Both Bengal monitor (Varanus bengalensis) and yellow monitor (V. flavescens) have frequently been observed in the national park's buffer zone. Venomous snakes are represented by king cobra (Ophiophagus hannah), Indian cobra (Naja naja) and monocled cobra (N. kaouthia), Russell's viper (Daboia russelii), common krait (Bungarus caeruleus) and banded krait (B. fasciatus). Non-venomous snakes comprise Burmese python (Python bivittatus), Oriental ratsnake (Ptyas mucosa), Ahaetulla laudankia, Ahaetulla nasuta, Forsten's cat snake (Boiga forsteni) and common cat snake (B. trigonata), Chrysopelea ornata, trinket snake (Coelognathus helena) and radiated ratsnake (C. radiatus), bronzeback (Dendrelaphis tristis), rainbow water snake (Enhydris enhydris) and Siebold's water snake (Ferania sieboldii), red sand boa (Eryx johnii) and rough-scaled sand boa (E. conicus), brahminy blind snake (Indotyphlops braminus), Indian wolf snake (Lycodon aulicus), twin-spotted wolf snake (L. jara) and barred wolf snake (L. striatus), banded kukri snake (Oligodon arnensis) and coral kukri snake (O. kheriensis), Psammophis condanarus, Sibynophis sagittarius, buff striped keelback (Amphiesma stolatum) and checkered keelback (Fowlea piscator). Testudines comprise tricarinate hill turtle (Melanochelys tricarinata), Indian black turtle (M. trijuga), Indian roofed turtle (Pangshura tecta), Indian tent turtle (Pangshura tentoria), elongated tortoise (Indotestudo elongata) and Indian narrow-headed softshell turtle (Chitra indica).

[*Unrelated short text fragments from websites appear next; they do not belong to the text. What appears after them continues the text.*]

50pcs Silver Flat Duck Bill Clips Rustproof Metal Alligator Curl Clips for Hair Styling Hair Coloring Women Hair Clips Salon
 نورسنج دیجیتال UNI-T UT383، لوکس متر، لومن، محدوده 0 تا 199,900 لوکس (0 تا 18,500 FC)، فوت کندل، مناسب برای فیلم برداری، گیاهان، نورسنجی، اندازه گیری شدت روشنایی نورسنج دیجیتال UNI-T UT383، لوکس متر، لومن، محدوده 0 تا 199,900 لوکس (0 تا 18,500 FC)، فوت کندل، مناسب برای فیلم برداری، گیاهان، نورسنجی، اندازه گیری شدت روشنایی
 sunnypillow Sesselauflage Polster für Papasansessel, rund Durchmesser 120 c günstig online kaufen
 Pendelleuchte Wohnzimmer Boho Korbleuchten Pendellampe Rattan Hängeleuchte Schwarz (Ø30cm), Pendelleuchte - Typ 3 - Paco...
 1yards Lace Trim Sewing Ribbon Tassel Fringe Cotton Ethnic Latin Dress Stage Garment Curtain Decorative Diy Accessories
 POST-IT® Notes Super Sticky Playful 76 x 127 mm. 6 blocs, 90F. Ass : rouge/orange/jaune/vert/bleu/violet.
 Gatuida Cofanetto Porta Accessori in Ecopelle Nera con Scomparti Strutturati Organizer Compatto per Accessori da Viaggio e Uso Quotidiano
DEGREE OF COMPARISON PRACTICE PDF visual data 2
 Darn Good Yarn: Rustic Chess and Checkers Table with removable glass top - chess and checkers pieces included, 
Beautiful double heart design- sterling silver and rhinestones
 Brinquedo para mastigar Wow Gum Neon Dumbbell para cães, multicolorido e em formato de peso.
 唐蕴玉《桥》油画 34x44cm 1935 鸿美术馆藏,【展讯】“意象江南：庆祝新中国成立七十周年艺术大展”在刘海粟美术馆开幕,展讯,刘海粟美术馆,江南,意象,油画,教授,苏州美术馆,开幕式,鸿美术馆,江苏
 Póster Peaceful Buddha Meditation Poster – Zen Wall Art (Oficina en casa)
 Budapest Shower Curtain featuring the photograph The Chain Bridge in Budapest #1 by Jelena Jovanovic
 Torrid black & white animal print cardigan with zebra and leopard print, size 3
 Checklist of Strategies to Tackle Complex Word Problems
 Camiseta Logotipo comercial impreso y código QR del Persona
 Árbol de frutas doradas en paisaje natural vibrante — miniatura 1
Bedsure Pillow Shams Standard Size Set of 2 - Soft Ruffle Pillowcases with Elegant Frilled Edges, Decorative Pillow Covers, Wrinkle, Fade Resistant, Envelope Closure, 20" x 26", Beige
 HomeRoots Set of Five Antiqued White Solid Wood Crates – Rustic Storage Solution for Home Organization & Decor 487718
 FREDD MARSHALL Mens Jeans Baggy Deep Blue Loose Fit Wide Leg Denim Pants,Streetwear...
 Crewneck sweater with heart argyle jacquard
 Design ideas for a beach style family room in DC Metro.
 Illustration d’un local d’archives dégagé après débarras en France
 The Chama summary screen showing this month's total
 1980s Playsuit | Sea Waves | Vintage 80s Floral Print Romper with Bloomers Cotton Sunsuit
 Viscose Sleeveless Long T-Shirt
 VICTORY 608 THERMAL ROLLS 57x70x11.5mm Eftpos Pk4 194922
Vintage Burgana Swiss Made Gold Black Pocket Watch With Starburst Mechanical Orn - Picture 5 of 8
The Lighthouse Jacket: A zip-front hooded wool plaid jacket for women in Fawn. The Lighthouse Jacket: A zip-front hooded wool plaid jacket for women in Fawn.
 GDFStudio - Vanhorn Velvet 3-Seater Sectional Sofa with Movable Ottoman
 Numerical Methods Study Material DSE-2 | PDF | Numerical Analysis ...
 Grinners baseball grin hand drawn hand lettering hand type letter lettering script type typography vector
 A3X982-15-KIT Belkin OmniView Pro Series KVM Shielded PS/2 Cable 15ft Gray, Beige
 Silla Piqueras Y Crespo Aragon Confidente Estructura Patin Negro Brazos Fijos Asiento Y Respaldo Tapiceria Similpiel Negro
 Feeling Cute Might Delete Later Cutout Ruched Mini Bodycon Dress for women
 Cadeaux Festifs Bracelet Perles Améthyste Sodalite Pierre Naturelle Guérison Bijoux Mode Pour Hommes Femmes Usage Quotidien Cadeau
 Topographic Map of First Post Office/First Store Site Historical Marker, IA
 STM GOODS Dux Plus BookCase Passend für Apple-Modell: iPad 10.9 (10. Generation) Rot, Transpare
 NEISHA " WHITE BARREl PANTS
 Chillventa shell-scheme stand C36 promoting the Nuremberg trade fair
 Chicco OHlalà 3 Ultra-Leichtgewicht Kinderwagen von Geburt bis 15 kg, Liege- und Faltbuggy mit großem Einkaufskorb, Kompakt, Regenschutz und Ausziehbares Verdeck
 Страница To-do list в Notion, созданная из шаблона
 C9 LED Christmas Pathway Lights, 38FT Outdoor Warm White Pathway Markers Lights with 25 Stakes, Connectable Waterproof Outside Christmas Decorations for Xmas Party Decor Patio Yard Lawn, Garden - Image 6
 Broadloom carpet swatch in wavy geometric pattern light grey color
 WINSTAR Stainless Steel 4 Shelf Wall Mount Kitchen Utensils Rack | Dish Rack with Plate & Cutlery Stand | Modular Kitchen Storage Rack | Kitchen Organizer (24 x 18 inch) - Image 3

The gharial became extinct in the park in 1993, but was reintroduced in March 2024 to the Chaudhar River.

=== Amphibians ===
Asian common toad (Duttaphrynus melanostictus) and marbled toad (D. stomaticus), Euphlyctis cyanophlyctis, Jerdon's bull frog (Hoplobatrachus crassus) and Asian bullfrog (H. tigerinus), Chunam tree frog (Polypedates maculatus) and Terai tree frog (P. taeniatus), grey balloon frog (Uperodon globulosus), marbled balloon frog (U. systoma) and painted globular frog (U. taprobanicus), Minervarya pierrei, M. syhadrensis and M. teraiensis, Microhyla and Sphaerotheca species were recorded between January 2017 and September 2019.

=== Fish ===
As of 2005, 28 fish species have been recorded in the rivers and lakes in the national park.